Iscrizione white list: quando è obbligatoria?

Un operatore economico può partecipare a una gara pubblica anche se non è iscritto alla white list prefettizia? Quali margini ha l’appaltatore per esternalizzare attività accessorie, come la ristorazione, senza incorrere nel divieto di subappalto non autorizzato? Il Consiglio di Stato, con la sentenza del 28 marzo 2025, n. 2622, offre un chiarimento rilevante per stazioni appaltanti e operatori economici, distinguendo nettamente tra subappalto e contratto continuativo di cooperazione.

Iscrizione alla white list: non obbligatoria per prestazioni secondarie

Nel caso affrontato da Palazzo Spada, un OE ha impugnato l’aggiudicazione di una procedura per l’affidamento di un servizio educativo contestando il mancato possesso, da parte del costituendo RTI aggiudicatario, dell’iscrizione alla white list prefettizia.
Secondo la ricorrente, tale iscrizione era obbligatoria in quanto l’appalto includeva prestazioni di ristorazione, attività ricompresa tra quelle a rischio di infiltrazione mafiosa ex art. 1, comma 53, L. 190/2012. Tuttavia, il RTI aggiudicatario aveva affidato tali prestazioni a un soggetto terzo, iscritto alla white list, tramite un contratto di cooperazione continuativa stipulato prima della procedura di gara.

Il Consiglio di Stato ha respinto l’appello, confermando la legittimità dell’aggiudicazione. Secondo i giudici, l’iscrizione nella white list costituisce un requisito soggettivo di partecipazione solo quando l’attività principale oggetto dell’appalto rientra tra quelle individuate dalla L. 190/2012.

Nel caso in esame, l’attività di ristorazione era una prestazione secondaria, inserita nell’organizzazione del servizio educativo e non costituiva l’oggetto principale dell’appalto.

Il contratto continuativo di cooperazione stipulato dall’aggiudicatario con un soggetto iscritto alla white list era pienamente legittimo e non qualificabile come subappalto, poiché:

  • le prestazioni erano dirette verso l’affidatario, non verso la PA;
  • l’affidatario restava responsabile dell’organizzazione e dei rischi gestionali.

Inoltre, non sussistevano i presupposti per eterointegrare la lex specialis, ossia per inserire ex post un requisito di partecipazione non espressamente previsto nei documenti di gara.

Subappalto e contratti continuativi: cosa prevede il Codice Appalti

Il fulcro giuridico risiede nell’art. 119, comma 3, lett. d), del d.lgs. n. 36/2023 (Codice dei Contratti Pubblici), che disciplina i contratti continuativi di cooperazione, servizio o fornitura.

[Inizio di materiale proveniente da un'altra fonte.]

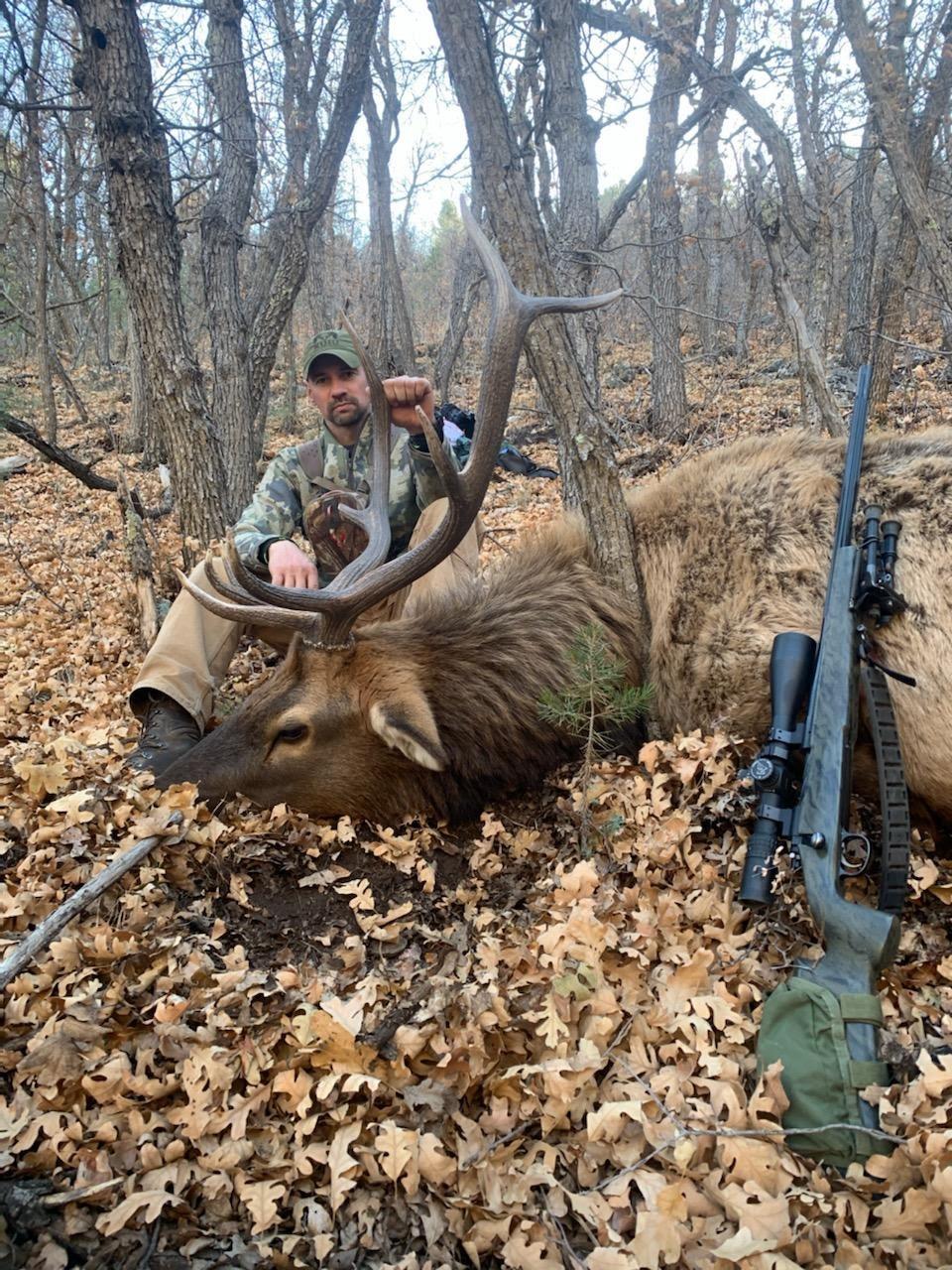 Arizona Elk Hunting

Tali contratti si distinguono dal subappalto perché riguardano prestazioni secondarie o accessorie e sono diretti all’affidatario, non alla stazione appaltante.
La norma prosegue la linea già tracciata dal precedente art. 105, comma 3, lett. c-bis) del D.lgs. 50/2016 (modificato dal D.lgs. 56/2017), recependo anche gli orientamenti giurisprudenziali che negano l’automatica sovrapposizione tra “affidamento a terzi” e “subappalto”.

 

Quando non serve l’iscrizione alla white list

Il ricorso è stato quindi respinto: spiegano quindi i giudici d’appello che l’iscrizione alla white list è richiesta solo se l’attività principale oggetto dell’appalto rientra nell’elenco dell’art. 1, comma 53, L. 190/2012.

Le prestazioni secondarie (come in questo caso quella di ristorazione), possono essere affidate con contratti continuativi a soggetti iscritti alla white list. Da questo punto di vista, è essenziale che il contratto continuativo sia stipulato prima della gara e che le prestazioni siano rivolte all’appaltatore.

Infine, non è subappalto se il soggetto terzo non assume l’organizzazione e i rischi dell’appalto. Resta fermo, però, l’obbligo di verifica sulla regolarità del soggetto esecutore delle attività a rischio, che deve essere iscritto alla white list al momento della stipula del contratto di appalto.